YOUR ASSIGNMENT >> Only the lines from the first line of the material below to the line containing "Soil Moisture and", inclusive, should be copied, each exactly as written.
▬▬▬▬▬▬▬▬▬▬
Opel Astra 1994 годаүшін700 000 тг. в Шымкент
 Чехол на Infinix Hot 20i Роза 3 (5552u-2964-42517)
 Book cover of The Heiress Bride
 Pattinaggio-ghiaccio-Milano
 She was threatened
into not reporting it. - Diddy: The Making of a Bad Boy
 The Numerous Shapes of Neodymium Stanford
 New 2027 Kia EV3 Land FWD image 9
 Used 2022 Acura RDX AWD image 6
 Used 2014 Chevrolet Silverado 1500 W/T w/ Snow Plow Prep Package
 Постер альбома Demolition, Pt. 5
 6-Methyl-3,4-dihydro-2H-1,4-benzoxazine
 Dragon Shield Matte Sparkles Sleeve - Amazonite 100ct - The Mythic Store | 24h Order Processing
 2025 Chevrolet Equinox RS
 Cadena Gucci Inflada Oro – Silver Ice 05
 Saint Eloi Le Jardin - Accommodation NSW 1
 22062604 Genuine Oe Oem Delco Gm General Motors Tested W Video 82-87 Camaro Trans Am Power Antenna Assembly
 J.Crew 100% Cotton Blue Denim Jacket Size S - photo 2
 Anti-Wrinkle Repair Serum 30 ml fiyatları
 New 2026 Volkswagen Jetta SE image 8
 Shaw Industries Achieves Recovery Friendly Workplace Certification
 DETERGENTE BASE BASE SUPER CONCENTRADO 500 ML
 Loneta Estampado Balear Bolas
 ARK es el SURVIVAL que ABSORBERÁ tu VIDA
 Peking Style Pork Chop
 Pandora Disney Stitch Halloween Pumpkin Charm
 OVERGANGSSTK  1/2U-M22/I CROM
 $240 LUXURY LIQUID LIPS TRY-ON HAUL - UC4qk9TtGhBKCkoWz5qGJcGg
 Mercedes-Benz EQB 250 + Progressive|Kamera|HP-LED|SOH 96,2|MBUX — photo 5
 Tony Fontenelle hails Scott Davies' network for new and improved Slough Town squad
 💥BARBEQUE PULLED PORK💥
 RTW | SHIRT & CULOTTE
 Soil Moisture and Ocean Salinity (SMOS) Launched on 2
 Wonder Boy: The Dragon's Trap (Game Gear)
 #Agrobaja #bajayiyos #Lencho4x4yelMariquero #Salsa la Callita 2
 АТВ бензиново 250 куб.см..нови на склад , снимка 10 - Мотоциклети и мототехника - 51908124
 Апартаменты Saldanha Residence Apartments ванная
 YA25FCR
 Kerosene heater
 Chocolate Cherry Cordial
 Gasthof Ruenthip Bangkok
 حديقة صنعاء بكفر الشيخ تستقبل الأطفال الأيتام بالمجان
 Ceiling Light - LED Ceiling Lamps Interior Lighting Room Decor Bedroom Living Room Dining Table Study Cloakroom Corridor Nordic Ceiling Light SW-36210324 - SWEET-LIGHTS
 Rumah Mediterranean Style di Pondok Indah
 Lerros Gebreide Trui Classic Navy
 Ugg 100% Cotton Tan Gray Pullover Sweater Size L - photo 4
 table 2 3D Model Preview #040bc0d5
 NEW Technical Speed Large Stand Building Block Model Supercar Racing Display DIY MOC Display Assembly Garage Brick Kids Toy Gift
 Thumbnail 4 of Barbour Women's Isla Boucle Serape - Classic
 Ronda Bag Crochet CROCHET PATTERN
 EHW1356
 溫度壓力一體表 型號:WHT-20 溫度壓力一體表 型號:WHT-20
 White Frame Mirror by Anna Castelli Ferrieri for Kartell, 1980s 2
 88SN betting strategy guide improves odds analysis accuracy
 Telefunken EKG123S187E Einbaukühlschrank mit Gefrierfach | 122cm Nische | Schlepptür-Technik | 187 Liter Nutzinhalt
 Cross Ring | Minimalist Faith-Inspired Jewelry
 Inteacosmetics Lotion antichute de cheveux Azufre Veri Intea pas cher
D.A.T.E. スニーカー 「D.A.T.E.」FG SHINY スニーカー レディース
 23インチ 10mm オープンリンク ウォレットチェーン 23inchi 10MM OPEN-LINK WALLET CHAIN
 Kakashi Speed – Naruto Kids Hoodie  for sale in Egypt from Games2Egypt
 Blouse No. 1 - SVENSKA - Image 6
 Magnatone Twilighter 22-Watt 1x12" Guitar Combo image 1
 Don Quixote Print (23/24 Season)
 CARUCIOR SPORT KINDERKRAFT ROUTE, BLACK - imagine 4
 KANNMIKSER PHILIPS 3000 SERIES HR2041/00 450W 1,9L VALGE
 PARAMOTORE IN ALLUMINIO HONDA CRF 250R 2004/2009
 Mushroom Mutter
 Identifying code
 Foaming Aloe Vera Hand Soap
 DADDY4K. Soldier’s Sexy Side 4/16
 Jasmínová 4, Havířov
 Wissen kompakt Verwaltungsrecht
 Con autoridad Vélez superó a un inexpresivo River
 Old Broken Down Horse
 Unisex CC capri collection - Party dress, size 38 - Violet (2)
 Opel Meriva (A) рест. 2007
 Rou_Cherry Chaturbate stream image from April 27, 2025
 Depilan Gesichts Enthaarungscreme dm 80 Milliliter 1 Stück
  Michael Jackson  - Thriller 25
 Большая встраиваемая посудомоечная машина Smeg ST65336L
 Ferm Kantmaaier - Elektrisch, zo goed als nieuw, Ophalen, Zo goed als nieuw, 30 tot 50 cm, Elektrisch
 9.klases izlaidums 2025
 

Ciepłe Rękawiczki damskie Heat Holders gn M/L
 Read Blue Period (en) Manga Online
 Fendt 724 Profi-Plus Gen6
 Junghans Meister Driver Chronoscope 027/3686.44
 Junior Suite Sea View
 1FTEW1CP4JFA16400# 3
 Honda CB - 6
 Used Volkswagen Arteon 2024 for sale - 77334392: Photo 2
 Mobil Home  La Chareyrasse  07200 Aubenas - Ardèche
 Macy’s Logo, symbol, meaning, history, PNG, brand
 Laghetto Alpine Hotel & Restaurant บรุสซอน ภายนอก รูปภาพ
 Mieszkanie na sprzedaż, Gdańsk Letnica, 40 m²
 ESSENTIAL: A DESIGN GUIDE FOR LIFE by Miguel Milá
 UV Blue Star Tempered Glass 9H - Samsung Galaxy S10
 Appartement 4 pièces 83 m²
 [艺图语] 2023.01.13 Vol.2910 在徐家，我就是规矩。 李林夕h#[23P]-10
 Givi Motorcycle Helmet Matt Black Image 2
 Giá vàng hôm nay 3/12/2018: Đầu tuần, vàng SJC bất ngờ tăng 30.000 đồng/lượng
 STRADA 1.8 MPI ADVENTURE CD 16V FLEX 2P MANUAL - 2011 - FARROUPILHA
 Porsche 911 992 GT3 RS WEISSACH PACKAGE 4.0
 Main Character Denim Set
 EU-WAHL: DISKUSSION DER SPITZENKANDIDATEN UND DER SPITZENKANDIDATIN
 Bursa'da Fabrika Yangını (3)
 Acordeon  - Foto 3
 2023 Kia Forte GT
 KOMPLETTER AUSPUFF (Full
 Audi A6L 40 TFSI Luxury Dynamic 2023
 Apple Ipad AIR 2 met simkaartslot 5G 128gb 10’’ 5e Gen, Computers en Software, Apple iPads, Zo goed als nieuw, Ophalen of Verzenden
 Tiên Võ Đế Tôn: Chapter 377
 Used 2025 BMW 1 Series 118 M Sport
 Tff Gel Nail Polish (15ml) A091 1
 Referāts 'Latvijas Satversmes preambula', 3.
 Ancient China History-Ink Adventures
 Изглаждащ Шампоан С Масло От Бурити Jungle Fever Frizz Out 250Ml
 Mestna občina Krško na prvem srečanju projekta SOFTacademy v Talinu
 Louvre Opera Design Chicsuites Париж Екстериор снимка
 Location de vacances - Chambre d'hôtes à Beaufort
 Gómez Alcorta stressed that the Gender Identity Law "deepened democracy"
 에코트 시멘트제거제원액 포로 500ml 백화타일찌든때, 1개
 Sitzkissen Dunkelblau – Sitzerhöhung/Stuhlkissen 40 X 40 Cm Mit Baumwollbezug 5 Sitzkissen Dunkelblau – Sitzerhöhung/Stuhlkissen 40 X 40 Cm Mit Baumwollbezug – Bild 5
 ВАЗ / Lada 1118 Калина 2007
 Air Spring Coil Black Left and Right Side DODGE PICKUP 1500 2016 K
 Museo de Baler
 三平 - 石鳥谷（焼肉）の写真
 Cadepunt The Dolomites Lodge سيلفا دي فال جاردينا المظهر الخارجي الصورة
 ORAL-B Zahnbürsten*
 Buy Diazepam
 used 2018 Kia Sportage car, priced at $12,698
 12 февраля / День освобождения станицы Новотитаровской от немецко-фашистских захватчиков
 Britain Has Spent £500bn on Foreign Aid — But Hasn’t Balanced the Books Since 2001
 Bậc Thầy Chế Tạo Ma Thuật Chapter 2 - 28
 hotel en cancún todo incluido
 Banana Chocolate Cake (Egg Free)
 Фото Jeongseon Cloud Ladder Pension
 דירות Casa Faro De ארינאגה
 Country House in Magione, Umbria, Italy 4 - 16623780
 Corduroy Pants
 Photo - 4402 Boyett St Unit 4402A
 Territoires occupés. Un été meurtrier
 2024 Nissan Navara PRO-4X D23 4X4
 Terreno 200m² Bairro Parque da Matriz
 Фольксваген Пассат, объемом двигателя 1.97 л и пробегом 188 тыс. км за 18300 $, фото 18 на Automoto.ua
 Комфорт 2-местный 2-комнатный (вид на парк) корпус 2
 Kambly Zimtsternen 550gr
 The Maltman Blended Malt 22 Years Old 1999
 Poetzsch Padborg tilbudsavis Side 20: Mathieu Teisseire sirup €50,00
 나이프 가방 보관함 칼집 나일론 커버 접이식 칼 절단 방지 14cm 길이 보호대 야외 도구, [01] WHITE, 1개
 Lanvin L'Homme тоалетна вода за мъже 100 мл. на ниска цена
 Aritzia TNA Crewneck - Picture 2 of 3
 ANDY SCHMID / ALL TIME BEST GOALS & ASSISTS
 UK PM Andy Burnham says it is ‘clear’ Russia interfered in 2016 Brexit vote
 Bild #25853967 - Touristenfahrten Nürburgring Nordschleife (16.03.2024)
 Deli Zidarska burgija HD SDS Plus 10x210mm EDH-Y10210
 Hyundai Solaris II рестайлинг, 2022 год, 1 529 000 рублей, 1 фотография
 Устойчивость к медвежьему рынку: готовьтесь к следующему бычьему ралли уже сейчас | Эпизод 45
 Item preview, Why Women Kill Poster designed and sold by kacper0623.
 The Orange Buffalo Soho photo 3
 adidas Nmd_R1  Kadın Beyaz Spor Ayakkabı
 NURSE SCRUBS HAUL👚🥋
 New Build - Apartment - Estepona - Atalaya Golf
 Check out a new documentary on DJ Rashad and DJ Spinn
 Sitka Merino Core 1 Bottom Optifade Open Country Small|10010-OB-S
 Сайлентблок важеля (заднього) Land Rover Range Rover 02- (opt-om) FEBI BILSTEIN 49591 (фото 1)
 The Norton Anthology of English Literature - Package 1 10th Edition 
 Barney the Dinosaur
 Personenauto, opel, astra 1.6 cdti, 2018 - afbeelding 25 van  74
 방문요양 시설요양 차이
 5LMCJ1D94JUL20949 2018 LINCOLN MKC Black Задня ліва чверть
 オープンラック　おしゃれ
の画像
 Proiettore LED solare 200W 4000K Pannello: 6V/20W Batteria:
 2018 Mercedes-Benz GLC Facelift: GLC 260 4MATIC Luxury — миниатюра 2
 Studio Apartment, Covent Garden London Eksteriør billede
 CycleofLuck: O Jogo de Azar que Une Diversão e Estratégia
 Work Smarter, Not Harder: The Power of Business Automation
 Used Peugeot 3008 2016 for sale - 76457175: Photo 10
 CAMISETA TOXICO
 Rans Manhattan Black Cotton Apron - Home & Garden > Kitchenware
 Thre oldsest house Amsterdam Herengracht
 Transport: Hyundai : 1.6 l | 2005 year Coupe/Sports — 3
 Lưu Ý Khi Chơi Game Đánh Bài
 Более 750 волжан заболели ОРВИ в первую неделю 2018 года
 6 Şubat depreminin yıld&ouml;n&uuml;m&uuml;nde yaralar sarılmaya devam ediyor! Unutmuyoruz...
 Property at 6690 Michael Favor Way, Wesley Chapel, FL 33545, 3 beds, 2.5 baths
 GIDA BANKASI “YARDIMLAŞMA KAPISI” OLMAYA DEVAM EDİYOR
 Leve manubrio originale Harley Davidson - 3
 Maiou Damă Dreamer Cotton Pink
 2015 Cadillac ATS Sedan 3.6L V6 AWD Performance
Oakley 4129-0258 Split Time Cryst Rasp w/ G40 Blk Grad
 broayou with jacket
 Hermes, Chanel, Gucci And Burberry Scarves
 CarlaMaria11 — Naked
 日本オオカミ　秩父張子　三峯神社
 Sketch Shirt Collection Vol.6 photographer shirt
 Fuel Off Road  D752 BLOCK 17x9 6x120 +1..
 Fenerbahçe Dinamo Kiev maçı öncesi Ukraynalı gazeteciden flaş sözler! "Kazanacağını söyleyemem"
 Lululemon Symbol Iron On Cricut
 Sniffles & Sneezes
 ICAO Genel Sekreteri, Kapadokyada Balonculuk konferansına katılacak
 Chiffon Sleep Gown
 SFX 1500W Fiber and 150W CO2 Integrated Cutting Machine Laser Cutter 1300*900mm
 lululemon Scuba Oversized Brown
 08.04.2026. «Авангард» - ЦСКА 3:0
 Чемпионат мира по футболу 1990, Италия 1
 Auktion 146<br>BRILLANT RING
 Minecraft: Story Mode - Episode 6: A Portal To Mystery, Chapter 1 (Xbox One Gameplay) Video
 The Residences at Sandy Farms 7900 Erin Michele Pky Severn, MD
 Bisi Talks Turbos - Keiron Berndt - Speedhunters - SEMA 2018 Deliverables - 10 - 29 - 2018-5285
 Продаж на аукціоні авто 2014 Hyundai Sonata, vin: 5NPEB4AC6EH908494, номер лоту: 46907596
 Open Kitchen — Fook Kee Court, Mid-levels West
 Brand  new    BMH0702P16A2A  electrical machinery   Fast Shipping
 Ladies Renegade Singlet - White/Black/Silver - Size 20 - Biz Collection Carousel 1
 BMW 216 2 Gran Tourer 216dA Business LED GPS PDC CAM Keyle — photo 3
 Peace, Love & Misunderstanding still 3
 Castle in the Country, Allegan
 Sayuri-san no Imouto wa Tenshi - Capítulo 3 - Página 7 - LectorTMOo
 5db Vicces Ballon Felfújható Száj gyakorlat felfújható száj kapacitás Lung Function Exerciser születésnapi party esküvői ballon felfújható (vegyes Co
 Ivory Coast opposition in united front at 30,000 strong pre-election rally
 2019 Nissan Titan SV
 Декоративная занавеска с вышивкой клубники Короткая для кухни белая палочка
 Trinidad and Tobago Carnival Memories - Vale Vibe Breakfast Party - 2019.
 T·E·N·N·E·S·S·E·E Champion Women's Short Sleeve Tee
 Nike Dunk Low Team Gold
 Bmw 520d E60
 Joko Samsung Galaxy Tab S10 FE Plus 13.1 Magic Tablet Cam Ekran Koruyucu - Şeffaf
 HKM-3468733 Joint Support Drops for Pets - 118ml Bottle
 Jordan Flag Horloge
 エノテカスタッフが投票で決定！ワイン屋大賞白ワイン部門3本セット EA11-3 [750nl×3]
▬▬▬▬▬▬▬▬▬▬
RESULT OF THIS EXERCISE >>
Opel Astra 1994 годаүшін700 000 тг. в Шымкент
 Чехол на Infinix Hot 20i Роза 3 (5552u-2964-42517)
 Book cover of The Heiress Bride
 Pattinaggio-ghiaccio-Milano
 She was threatened
into not reporting it. - Diddy: The Making of a Bad Boy
 The Numerous Shapes of Neodymium Stanford
 New 2027 Kia EV3 Land FWD image 9
 Used 2022 Acura RDX AWD image 6
 Used 2014 Chevrolet Silverado 1500 W/T w/ Snow Plow Prep Package
 Постер альбома Demolition, Pt. 5
 6-Methyl-3,4-dihydro-2H-1,4-benzoxazine
 Dragon Shield Matte Sparkles Sleeve - Amazonite 100ct - The Mythic Store | 24h Order Processing
 2025 Chevrolet Equinox RS
 Cadena Gucci Inflada Oro – Silver Ice 05
 Saint Eloi Le Jardin - Accommodation NSW 1
 22062604 Genuine Oe Oem Delco Gm General Motors Tested W Video 82-87 Camaro Trans Am Power Antenna Assembly
 J.Crew 100% Cotton Blue Denim Jacket Size S - photo 2
 Anti-Wrinkle Repair Serum 30 ml fiyatları
 New 2026 Volkswagen Jetta SE image 8
 Shaw Industries Achieves Recovery Friendly Workplace Certification
 DETERGENTE BASE BASE SUPER CONCENTRADO 500 ML
 Loneta Estampado Balear Bolas
 ARK es el SURVIVAL que ABSORBERÁ tu VIDA
 Peking Style Pork Chop
 Pandora Disney Stitch Halloween Pumpkin Charm
 OVERGANGSSTK  1/2U-M22/I CROM
 $240 LUXURY LIQUID LIPS TRY-ON HAUL - UC4qk9TtGhBKCkoWz5qGJcGg
 Mercedes-Benz EQB 250 + Progressive|Kamera|HP-LED|SOH 96,2|MBUX — photo 5
 Tony Fontenelle hails Scott Davies' network for new and improved Slough Town squad
 💥BARBEQUE PULLED PORK💥
 RTW | SHIRT & CULOTTE
 Soil Moisture and Ocean Salinity (SMOS) Launched on 2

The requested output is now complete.